# anyone remember the Partridge Family?



## melaniehiscock (Apr 11, 2014)

I don't know why it's considered the Brady Bunch's great rival. It's weaker in almost every way. (I'm looking at you, Tracy Partridge). The kid they added on the Partridge Family 's last season irritated me. He had hair that even the hippies would say "_Man, he looks like a little girl_". Seriously - put that little boy in a dress and with that hair, soon people would be offering him dolls, perfume and Mummy's clothes to play dress up in.


----------



## elgar's ghost (Aug 8, 2010)

Back in the day this is what we called a girlie show - your sister watched twee stuff like this whereas us boys preferred the Double Deckers and Banana Splits.


----------



## Weston (Jul 11, 2008)

I was only 14 or so and I watched it occasionally for a glimpse of Susan Dey. Holy guacamole! 

Actually Shirley Jones was stunning too, and nowhere near old enough to be the mother of all those kids.


----------



## starthrower (Dec 11, 2010)

I thought the comedy writing on the Partridge Family was pretty good. The Brady Bunch was cornball, boring family sitcom.


----------



## Manxfeeder (Oct 19, 2010)

Hey, we haven't seen you in a while around here. Welcome back.

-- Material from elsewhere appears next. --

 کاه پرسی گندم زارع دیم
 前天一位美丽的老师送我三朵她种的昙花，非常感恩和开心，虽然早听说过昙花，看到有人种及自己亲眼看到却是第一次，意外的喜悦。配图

As to the two, I only watched the Partridge Family. I think back then I had an aversion to orange kitchens. Plus, the Brady kids sang songs which made me want to gnaw my arm off.


----------



## Bulldog (Nov 21, 2013)

I thought that both the Partridge Family and the Brady Brunch were garbage shows.


----------



## SixFootScowl (Oct 17, 2011)

I was aware of both shows but didn't go out of my way to watch either.


----------



## Triplets (Sep 4, 2014)

Bulldog said:


> I thought that both the Partridge Family and the Brady Brunch were garbage shows.


Of course they were. Why should they be any different from everything else on television?


----------



## Triplets (Sep 4, 2014)

Weston said:


> I was only 14 or so and I watched it occasionally for a glimpse of Susan Dey. Holy guacamole!
> 
> Actually Shirley Jones was stunning too, and nowhere near old enough to be the mother of all those kids.


Susan Dey made braces and zits sexy. Shirley Jones was hotter when she was a Librarian.


----------



## SarahNorthman (Nov 19, 2014)

Aw i love those old shows.


----------



## Headphone Hermit (Jan 8, 2014)

elgars ghost said:


> Back in the day this is what we called a girlie show - your sister watched twee stuff like this whereas us boys preferred the Double Deckers and Banana Splits.


correct - I had hoped to forget most of the Tv (and music) that I listened to as a young teenager 

_Wacky Races _ could be an exception


----------



## Manxfeeder (Oct 19, 2010)

Triplets said:


> Susan Dey made braces and zits sexy.


She could also pick up radio stations with her braces. That's what I call talent.


----------